« Folichonneries » : Le film du Charlevoisien, Éric K. Boulianne brise les tabous
Publié le 10 février 2026 à 16:01, modifié le 10 février 2026 à 16:01
Par: Francis Gallant
Le premier long métrage d’un réalisateur de Charlevoix, Éric K. Boulianne, est présenté au cinéma.
La comédie « Folichonneries » abordant plusieurs sujets tabous sur les relations de couple et familiaux se positionne bien au box-office.

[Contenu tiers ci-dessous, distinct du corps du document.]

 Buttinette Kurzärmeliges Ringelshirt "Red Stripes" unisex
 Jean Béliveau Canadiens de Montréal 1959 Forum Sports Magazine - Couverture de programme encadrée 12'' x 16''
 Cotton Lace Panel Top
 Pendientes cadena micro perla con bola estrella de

Une belle surprise pour le réalisateur et comédien charlevoisien.
Amour, fidélité, désir, libido, BDSM jusqu’à la polygamie sont abordés avec une touche d’humour dans le long métrage « Folichonneries ». Ça ouvre la porte à plusieurs discussions.

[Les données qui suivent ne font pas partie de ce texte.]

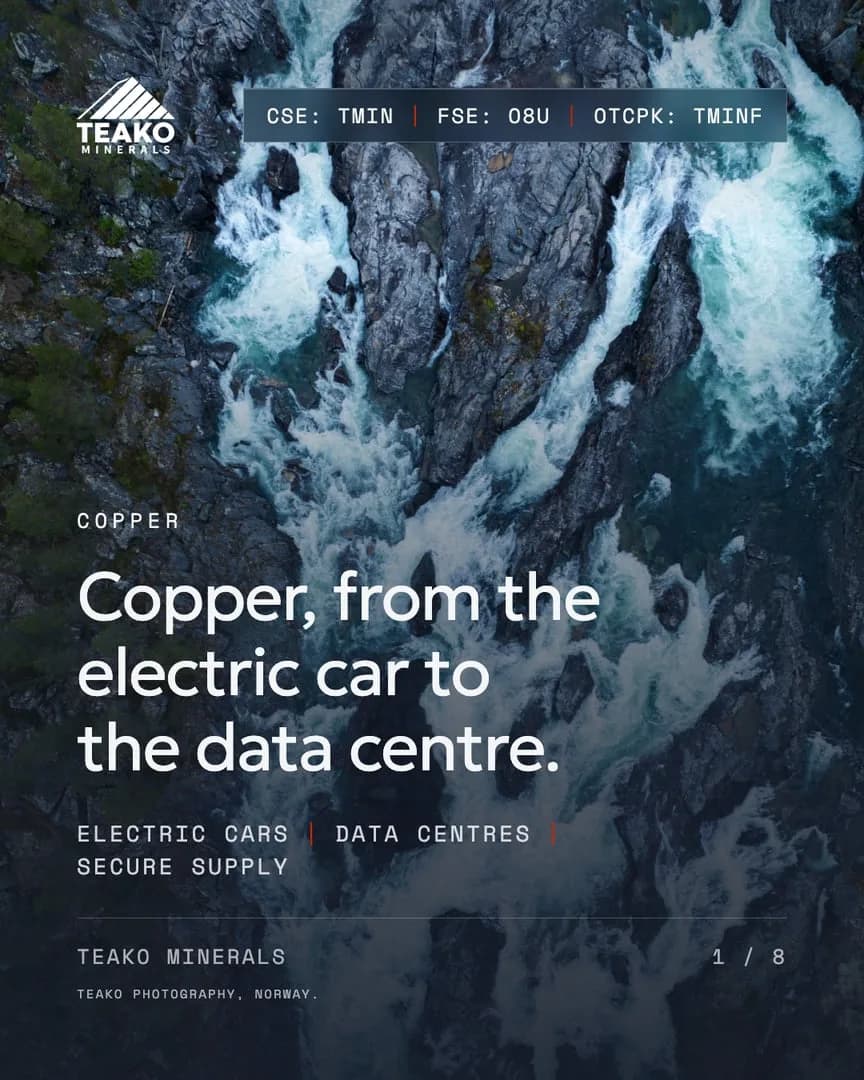 Copper, from the electric car to the data centre, the front cover, white water over rock from the air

« Les gens célibataires qui m’écrivent pour me dire qu’ils se sont reconnus, et ils sont capables d’aller chercher le petit point qui se rapporte à leur vie personnelle », débute le cinéaste et comédien, Éric K. Boulianne.
L’idée du scénario est venue à partir de couples monogames de son entourage qui vivaient un nouveau modèle de relation.
« C’était assez présent pour que je sois curieux par rapport à ça », souligne Éric K. Boulianne.
À la base, il pensait que ce mode de relation rendait les choses plus complexes.
« En partant de cette espèce de clichés là, les couples ouverts, c’est quand que c’est fini que ça ne marche pas. Au final je me suis rendu compte que pour certain ça marchait », selon le réalisateur-comédien.
Le couple incarné par Catherine Chabot et lui-même s’aime encore et explore leur désire dans une plus grande ouverture. Il est supporté par une distribution 5 étoiles telle Julie Lebreton et Ève Landry.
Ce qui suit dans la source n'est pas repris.